It’s amazing that Melbourne’s Olympia have yet to be majorly flagged on the radar of indie-pop scenesters. The trio with fair-haired Olivia Bartley as their enigmatic leader – clad in a hypnotising, iridescent, silver space suit – have both the sound and style to see their moniker bandied about more often. Hats off to Bartley, who exercises such enviable control on those highwire pipes of hers; there is not a note out of place when she dips from dulcet huffs to trilling falsetto in This Is Why We Can’t Have Nice Things. She and her teal guitar, backed up by her staid drummer and guitarist, punch out Atlantis and flesh out the effects with pedals and loops, though the vocal does sometimes get lost here and there in the confusion.

The crowd has now swelled to its sold out size. Since the release of When The Storms Would Come last year, the Holy Holy boys can do no wrong. What was a revelation at their September BIGSOUND set is now a given; there is something just amazingly special about this band. When Timothy Carroll steps up and lets that warble of his rip on Impossible Like You while Oscar Dawson and the guys jam out those fuzzy guitar motifs, it’s pure magic. There is something in the Neil Young-ish noodlings from Dawson in Pretty Strays For Hopeless Lovers and the Midlake/Deathcab For Cutie yearnings from Carroll that unify something old and something new. A Heroine, Outside Of The Heart Of It and If I Were You are just such well-formed songs that it feels like they’ve been around forever.

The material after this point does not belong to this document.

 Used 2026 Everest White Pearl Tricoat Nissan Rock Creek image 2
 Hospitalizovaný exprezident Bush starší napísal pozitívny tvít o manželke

Bartley returns to help cover Phil Collins’ Another Day In Paradise, because “we found out it was his birthday today, happy birthday Phil Collins”. A quick departure and then return for the encore sees Carroll and Dawson paying their respects to Bowie with a little snippet of Starman. Then the formidable History makes its anticipated appearance. It’s hard to sound awful in the rounded glory of this venue, but if ever there was a song to show off this band’s collective talent for musicality and songwriting it’s the twangy, ruminative, transporting, psychedelic hooks of their album’s flagship. Breathtaking doesn’t even begin to cover it.